Meanwhile, Spratlan, who won the 2000 Pulitzer Prize in music for his own opera Life is a Dream, composed the instrumental and vocal music of the opera. Kallick describes his work and her electroacoustic music as ARCHITECT’s “two creative streams” that were woven together to create the final composition.

The first stream, the electroacoustic music, is more conceptual and is meant to represent the spatial sound world and the inner life of the protagonist, a character named Architect. The second, the sung and played music, drives the narrative and expresses the thoughts and emotions of the other characters.

That cast, noted Kallick, is a small one. The only characters joining the Architect are the Guide, the Engineer, the Healer, the Woman and the Trickster. “In my telling,” she explained in the opera’s booklet, “the Architect discovers his central vision among the ruins of Rome with the help of the Guide; he affirms his method and materials with the expertise of the Engineer; and he undertakes a great project in partnership with the Healer.

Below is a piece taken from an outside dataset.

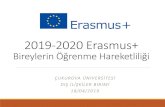 Bireylerin Öğrenme Hareketliliği Dökümanlar ve Formlar/1… · ERASMUS+ PROGRAMI nedir? Erasmus+ Programı yükseköğretim kurumlarının birbirleri ve iş dünyası ile işbirliği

The Woman is a constant muse, though her physical distance from the Architect provokes emotional turmoil for both. The Trickster uses the power of enchantment to steer the action throughout.”

Of course, they have yet to find out how an audience will receive the characters and story. Singers and musicians have workshopped ARCHITECT but have never performed it live. Professional audio recordings that were made over the course of three days in Buckley Recital Hall and then engineered by Judith Sherman, a major force in the world of classical recordings, make up the DVD that will be shown at the CFAF on Nov. 17.

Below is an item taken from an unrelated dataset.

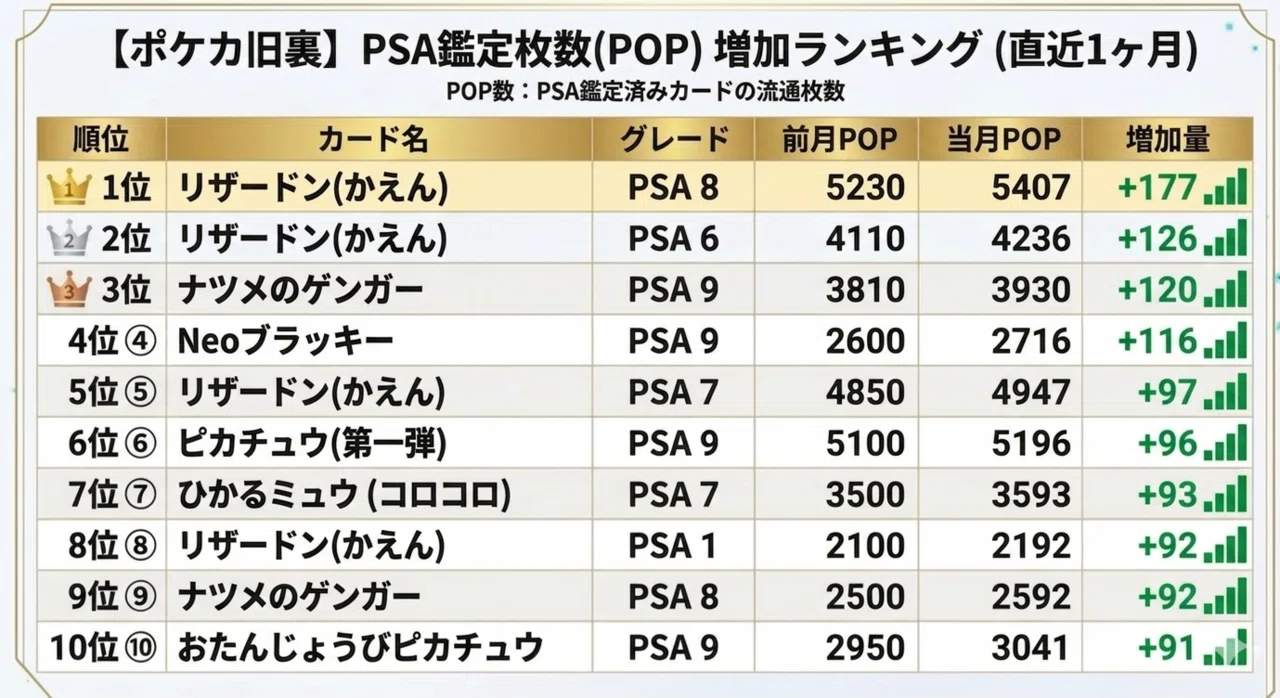 月刊ポケカ旧裏PSA観測】2026年4月号：ひかるミュウに異変？｜TOSHI@旧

And while opera purists may prefer to attend the eventual live performance of ARCHITECT, the video does feature another artistic element that only adds to the listening and viewing experience, said Kallick. Her former student Michiko Theurer ’11, a visual artist and musician, visited some Kahn buildings in Rome and then painted several watercolors. Theurer’s paintings, woven together with Final Cut software to highlight movement and changing light, are the main material for the DVD’s visual journey; they are set against the musical backdrop of ARCHITECT, as are some video clips shot by both Kallick and Theurer.

Working with Theurer, Downey and Spratlan, said Kallick, made the project extra-special. “I wanted to collaborate with Michiko and John as well as Lew, because in our department, our students really are our colleagues,” she explained. “It was really just amazing working with them all. They all brought something different to the project.”

Her goal now is to see the opera performed live in the coming year. The hoped-for location? One of Kahn’s own buildings.